As above, we should avoid saying that reload doesn't understand
the concept.  We're just working around a specific bug.

> +  if (paradoxical_subreg_p (operands[1]))
> +    {
> +      if (!reg_overlap_mentioned_p (operands[0], operands[1]))
> +     emit_clobber (operands[0]);
> +      poly_uint64 offset = SUBREG_BYTE (operands[1]);
> +      operands[1] = SUBREG_REG (operands[1]);
> +      operands[0] = simplify_gen_subreg (GET_MODE (operands[1]), operands[0],
> +                                      <MODE>mode, offset);
> +    }

SUBREG_BYTE is always 0 for paradoxical subregs, so this will do the
wrong thing for big-endian.  It's probably better to use gen_lowpart
to get the destination.

We should probably also check that operands[0] is a REG.  In practice
it probably always will be at this point if the source is a SUBREG,
but it doesn't follow automatically, and given that this is supposed
to be a safe backport...

FWIW, another option would be to make aarch64_preferred_reload_class
return FP_REGS for 128-bit vector modes, if the given class is a
superset of FP_REGS.  On the one hand that feels cleaner: there's a
good argument that we should be doing that anyway, since it means
we can reload in Q registers rather than pairs of X registers.
But on the other hand, it feels less safe for backporting.  E.g. maybe
we'll find another corner case that fails if a GPR *isn't* chosen.

Thanks,
Richard

>From f75d209ab3c27fcfea915fe77f37fa4f973f9dd0 Mon Sep 17 00:00:00 2001
From: Richard Sandiford <[email protected]>
Date: Mon, 9 Mar 2020 19:42:57 +0000
Subject: [PATCH 1/2] lra: Tighten check for reloading paradoxical subregs
 [PR94052]

simplify_operand_subreg tries to detect whether the allocation for
a pseudo in a paradoxical subreg is also valid for the outer mode.
The condition it used to check for an invalid combination was:

  else if (REG_P (reg)
	   && REGNO (reg) >= FIRST_PSEUDO_REGISTER
	   && (hard_regno = lra_get_regno_hard_regno (REGNO (reg))) >= 0
	   && (hard_regno_nregs (hard_regno, innermode)
	       < hard_regno_nregs (hard_regno, mode))
	   && (regclass = lra_get_allocno_class (REGNO (reg)))
	   && (type != OP_IN
	       || !in_hard_reg_set_p (reg_class_contents[regclass],
				      mode, hard_regno)
	       || overlaps_hard_reg_set_p (lra_no_alloc_regs,
					   mode, hard_regno)))

I think there are two problems with this:

(1) It never actually checks whether the hard register is valid for the
    outer mode (in the hard_regno_mode_ok sense).  If it isn't, any attempt
    to reload in the outer mode is likely to cycle, because the implied
    regno/mode combination will be just as invalid next time
    curr_insn_transform sees the subreg.

(2) The check is valid for little-endian only.  For big-endian we need
    to move hard_regno backwards.

Using simplify_subreg_regno should avoid both problems.

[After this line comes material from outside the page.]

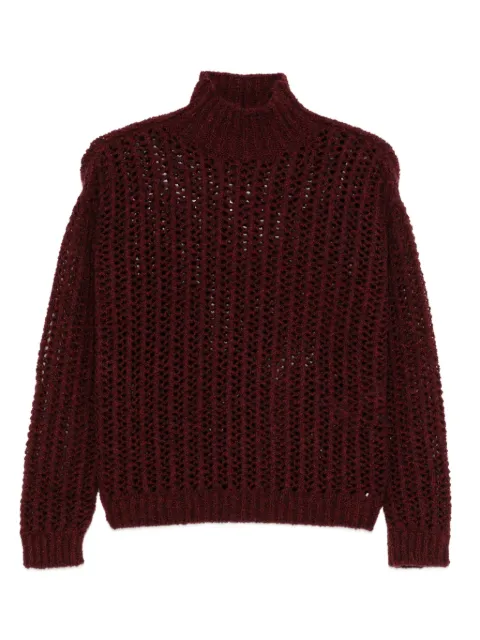 Max Mara Quaglia openwork high-neck sweater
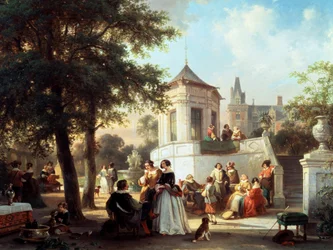 The Garden Party 1854. Peinture de Jan Michiel Ruyten (1813-1881 Belgian) Collection privee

As the existing comment says, IRA should always take subreg references
into account when allocating hard registers, so this fix-up should only
really be needed for pseudos allocated by LRA itself.

2020-03-10  Richard Sandiford  <[email protected]>

gcc/
	PR rtl-optimization/94052
	* lra-constraints.c (simplify_operand_subreg): Reload the inner
	register of a paradoxical subreg if simplify_subreg_regno fails
	to give a valid hard register for the outer mode.
---
 gcc/lra-constraints.c | 24 ++++++++++++++----------
 1 file changed, 14 insertions(+), 10 deletions(-)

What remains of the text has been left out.